Freddy Mulumba a relevé également des contradictions dans le travail de la Monusco. Il trouve paradoxal que les Anglo-Saxons, qui ont soutenu toutes les guerres que la RDC connait depuis 1998, soient ceux-là mêmes qui contribuent à la mise en place des îlots de stabilité. Une autre contradiction, c’est le fait que l’insécurité continue même dans les zones qualifiées d’îlots de stabilité. Ici, les milices ne sont pas désarmées et continuent à opérer sous l’œil complice des casques bleus.

Pour Freddy Mulumba, les Congolais doivent prendre conscience de ce vaste complot contre leur pays et faire échec aux tenants de la balkanisation. Et de noter que présentement, l’ONU est noyautée par les multinationales occidentales et les lobbyistes.

L’objectif de cette série de conférences-débats est de contribuer à mobiliser une masse critique susceptible de dénicher tous les pièges concoctés pour l’objectif inavoué de l’implosion de la RDC en vue de sa balkanisation. A ce sujet, il a invité le gouvernement à suivre de près le travail de la Monusco.

Le 3ème orateur, Antoine Lokongo, Docteur en politique internationale de l’Université de Pékin, a planché sur « Rapport entre les intérêts stratégiques américains et guerre d’usure en RDC (de 1982 à 2013) », un sujet tiré de sa thèse de doctorat. Il a fait remarquer que les guerres d’usure qui affectent le grand Congo ont pour origine quatre grandes politiques des USA, adoptées depuis le début de la fin de la guerre froide (1989, chute du Mur de Berlin) jusqu’en 2013.

Il s’agit de la politique sur le cobalt congolais (1982) (les USA veulent avoir le monopole d’exploitation de ce minerais pour leur industrie) qui fut, selon lui, à la base de la guerre du Shaba en 1977 ; le plan Bechtel (consistant à octroyer aux Américains l’exploitation de l’essentiel des minerais de la RDC) rejeté par Mzee Laurent Désiré Kabila et qui a conduit à la guerre d’août 1998 et à son assassinat ; la Loi Obama sur l’intervention humanitaire en RDC (2006) qui a servi de prétexte au CNDP de Nkundabatware pour lancer sa rébellion ; la politique de balkanisation de la RDC (2013) exprimée par Russ Feingold, ancien Envoyé Spécial de Barack Obama dans la région des Grands Lacs, et qui a conduit à la guerre du M23 (avril 2012 – novembre 2013).

Il a conclu en soulignant que la tendance de la politique américaine en RDC consiste à contrôler et monopoliser les richesses du Congo et à repousser les nouveaux venus (notamment les Chinois) par tous les moyens.
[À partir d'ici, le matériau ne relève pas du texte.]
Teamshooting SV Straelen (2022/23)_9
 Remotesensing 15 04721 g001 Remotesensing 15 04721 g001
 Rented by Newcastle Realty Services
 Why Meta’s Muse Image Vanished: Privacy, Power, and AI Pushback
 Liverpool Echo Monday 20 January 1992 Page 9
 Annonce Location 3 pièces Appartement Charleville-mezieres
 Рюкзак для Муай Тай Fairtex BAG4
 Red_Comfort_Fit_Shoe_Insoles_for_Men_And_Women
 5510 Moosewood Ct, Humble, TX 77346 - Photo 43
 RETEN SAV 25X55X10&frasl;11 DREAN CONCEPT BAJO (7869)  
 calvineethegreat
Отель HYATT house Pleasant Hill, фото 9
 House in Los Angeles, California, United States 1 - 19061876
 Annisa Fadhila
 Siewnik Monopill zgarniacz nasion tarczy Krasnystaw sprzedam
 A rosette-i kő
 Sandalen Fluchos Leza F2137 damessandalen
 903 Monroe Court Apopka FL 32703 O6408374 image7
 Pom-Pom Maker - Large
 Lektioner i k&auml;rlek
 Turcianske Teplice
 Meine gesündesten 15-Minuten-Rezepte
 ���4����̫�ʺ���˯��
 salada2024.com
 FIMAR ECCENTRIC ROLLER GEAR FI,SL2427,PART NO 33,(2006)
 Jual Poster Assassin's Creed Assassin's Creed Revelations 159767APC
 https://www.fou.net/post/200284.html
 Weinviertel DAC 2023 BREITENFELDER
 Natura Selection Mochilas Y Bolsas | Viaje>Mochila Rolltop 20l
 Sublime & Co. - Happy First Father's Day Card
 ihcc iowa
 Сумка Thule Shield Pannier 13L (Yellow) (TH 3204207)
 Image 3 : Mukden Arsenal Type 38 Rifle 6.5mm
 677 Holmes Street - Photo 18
Bref, selon lui, les Américains considèrent la RDC comme leur chasse gardée, qu’ils doivent contrôler à tout prix. Quand cette vision se heurte au droit légitime des dirigeants congolais de décider souverainement de ce qu’ils veulent faire de leurs richesses, il y a des guerres qui sont automatiquement commanditées pour les décourager.

Concluant son exposé, ce jeune conférencier congolais a suggéré aux Etats-Unis d’Amérique, première puissance libérale du monde, d’accepter que la RDC commerce avec le partenaire de son choix, sans chaque fois lui créer des rebellions et autres situations d’instabilité politique.

Il faut noter qu’après les exposés, un débat houleux et passionnant a sanctionné cette conférence-débat de haute portée scientifique.